Huawei

lilun20@huawei.com

IKEv2 transform RFC 9370 specifies a framework for multiple additional key exchanges (ADDKE) in the Internet Key Exchange Protocol Version 2 (IKEv2) to support post-quantum cryptography migration. Under this framework, an initiator can propose multiple ADDKE transform types. In deployment scenarios, initiators may send proposals that contain redundant or overlapping lists of Key Encapsulation Mechanism (KEM) algorithms across different ADDKE transform types. This contribution discusses the implications of these proposals and specifies extended procedures for handling proposed transforms, which may improve negotiation robustness and interoperability by allowing the responder to select a valid set of algorithms without altering the security properties defined in RFC 9370.

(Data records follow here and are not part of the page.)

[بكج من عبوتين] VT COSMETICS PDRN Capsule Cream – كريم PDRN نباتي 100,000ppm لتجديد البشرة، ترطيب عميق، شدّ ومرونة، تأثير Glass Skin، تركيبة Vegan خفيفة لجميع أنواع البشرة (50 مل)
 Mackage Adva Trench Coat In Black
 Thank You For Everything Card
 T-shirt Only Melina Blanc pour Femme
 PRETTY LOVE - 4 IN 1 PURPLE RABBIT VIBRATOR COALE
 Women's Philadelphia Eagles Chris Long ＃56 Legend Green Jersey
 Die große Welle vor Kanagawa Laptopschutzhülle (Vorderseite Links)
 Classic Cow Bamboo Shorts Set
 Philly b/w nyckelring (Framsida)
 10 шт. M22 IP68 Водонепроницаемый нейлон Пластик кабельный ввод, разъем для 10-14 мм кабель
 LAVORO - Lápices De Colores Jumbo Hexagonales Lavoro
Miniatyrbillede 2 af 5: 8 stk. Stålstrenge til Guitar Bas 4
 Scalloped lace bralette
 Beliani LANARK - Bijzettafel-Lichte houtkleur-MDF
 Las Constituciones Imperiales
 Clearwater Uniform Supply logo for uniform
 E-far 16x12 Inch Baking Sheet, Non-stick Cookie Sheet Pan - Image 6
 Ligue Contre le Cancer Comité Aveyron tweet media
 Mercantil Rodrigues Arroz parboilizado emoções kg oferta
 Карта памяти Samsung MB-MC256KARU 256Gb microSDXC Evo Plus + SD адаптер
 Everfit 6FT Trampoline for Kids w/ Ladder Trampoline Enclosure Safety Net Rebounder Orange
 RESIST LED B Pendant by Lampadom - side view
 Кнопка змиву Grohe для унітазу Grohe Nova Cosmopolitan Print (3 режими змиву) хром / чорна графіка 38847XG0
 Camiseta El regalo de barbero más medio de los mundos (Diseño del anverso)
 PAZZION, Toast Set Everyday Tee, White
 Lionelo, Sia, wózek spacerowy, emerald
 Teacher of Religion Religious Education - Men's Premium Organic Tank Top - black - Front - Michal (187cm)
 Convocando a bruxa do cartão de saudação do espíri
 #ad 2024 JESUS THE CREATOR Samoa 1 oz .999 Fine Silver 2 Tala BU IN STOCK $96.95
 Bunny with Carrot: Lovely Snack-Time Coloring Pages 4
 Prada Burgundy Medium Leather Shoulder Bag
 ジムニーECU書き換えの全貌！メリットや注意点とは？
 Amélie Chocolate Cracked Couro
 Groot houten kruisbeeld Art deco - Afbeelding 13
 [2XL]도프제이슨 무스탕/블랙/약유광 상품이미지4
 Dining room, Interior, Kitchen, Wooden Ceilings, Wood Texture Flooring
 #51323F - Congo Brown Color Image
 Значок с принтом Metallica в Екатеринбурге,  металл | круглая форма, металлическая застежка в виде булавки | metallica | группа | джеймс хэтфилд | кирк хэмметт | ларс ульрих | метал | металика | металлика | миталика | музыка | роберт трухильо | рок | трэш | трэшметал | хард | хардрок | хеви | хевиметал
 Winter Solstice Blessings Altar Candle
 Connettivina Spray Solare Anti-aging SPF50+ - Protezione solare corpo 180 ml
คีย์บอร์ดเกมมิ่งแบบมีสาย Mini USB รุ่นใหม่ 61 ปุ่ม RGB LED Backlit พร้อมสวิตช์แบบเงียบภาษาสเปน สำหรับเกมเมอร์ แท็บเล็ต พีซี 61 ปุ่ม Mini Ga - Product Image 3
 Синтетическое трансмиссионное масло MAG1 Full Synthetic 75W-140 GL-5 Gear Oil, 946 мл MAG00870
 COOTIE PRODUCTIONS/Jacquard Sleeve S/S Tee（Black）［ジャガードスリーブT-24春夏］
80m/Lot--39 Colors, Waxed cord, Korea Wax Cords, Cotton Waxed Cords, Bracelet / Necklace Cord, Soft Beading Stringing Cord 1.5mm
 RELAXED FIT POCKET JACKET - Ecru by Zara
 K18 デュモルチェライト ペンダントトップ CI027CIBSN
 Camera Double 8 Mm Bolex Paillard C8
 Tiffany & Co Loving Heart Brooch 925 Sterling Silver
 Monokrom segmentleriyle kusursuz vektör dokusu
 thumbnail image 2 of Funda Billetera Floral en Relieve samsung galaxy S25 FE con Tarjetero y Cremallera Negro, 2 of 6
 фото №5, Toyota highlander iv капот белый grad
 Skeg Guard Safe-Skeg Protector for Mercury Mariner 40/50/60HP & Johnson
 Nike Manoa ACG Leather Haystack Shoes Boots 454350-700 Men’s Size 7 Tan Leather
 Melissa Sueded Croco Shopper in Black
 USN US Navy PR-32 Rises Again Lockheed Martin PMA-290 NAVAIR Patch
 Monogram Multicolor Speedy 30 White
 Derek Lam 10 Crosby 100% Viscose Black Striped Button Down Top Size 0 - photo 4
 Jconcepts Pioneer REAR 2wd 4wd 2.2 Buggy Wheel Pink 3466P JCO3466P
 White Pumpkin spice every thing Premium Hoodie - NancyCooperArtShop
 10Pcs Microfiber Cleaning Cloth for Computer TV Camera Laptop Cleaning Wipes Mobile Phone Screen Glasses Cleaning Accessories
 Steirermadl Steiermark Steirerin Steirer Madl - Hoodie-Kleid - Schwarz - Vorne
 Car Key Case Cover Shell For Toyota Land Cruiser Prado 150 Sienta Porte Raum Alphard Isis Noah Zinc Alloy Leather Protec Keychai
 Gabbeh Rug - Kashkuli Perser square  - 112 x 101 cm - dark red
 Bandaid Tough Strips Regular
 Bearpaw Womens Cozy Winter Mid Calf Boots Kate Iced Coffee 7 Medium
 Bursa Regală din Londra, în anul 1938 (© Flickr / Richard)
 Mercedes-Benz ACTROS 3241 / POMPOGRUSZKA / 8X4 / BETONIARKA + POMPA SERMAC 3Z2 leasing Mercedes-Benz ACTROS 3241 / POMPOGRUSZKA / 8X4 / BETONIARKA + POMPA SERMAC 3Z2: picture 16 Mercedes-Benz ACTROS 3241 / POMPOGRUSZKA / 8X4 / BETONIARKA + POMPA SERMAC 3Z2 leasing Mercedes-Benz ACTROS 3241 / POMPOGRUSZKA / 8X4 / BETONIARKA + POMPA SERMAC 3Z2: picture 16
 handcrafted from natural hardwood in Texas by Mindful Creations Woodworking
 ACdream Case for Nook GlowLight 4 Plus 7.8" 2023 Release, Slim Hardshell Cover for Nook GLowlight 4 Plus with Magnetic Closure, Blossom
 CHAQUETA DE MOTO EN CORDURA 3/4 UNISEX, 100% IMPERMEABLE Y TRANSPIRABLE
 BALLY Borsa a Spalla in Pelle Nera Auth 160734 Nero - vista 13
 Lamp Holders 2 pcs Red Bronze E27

The migration of the Internet Key Exchange Protocol Version 2 (IKEv2) to Post-Quantum Cryptography (PQC) uses hybrid key exchange mechanisms to mitigate risks from new quantum-resistant algorithms. establishes a framework for multiple additional key exchanges (ADDKE) during the IKE_SA_INIT exchange. This allows combining classic algorithms (e.g., Elliptic Curve Diffie-Hellman) with one or more post-quantum Key Encapsulation Mechanisms (KEMs) to derive SKEYSEED. The multi-KEM architecture allows an initiator to group KEM proposals across distinct ADDKE transform types based on their properties, such as placing a shorter KEMs in one transform type and longer length KEMs in another. However, in practice, cryptographic policies are often configured via automated templates or simplified management interfaces. Consequently, initiators may send proposals that are valid under the syntax of but contain redundancies, such as populating multiple ADDKE transform types with identical lists of KEM algorithms. If a responder implements strict validation checks based on current specification, this redundancy can cause it to reject the proposal and for the negotiation to fail. This document provides guidance for handling the overlapping multi-KEM proposals based on best practices. It does not change the security properties defined in RFC, nor does it allow the responder to skip PQC algorithms. Instead, it defines a selection logic for the responder to improve interoperability and robustness during the PQC transition.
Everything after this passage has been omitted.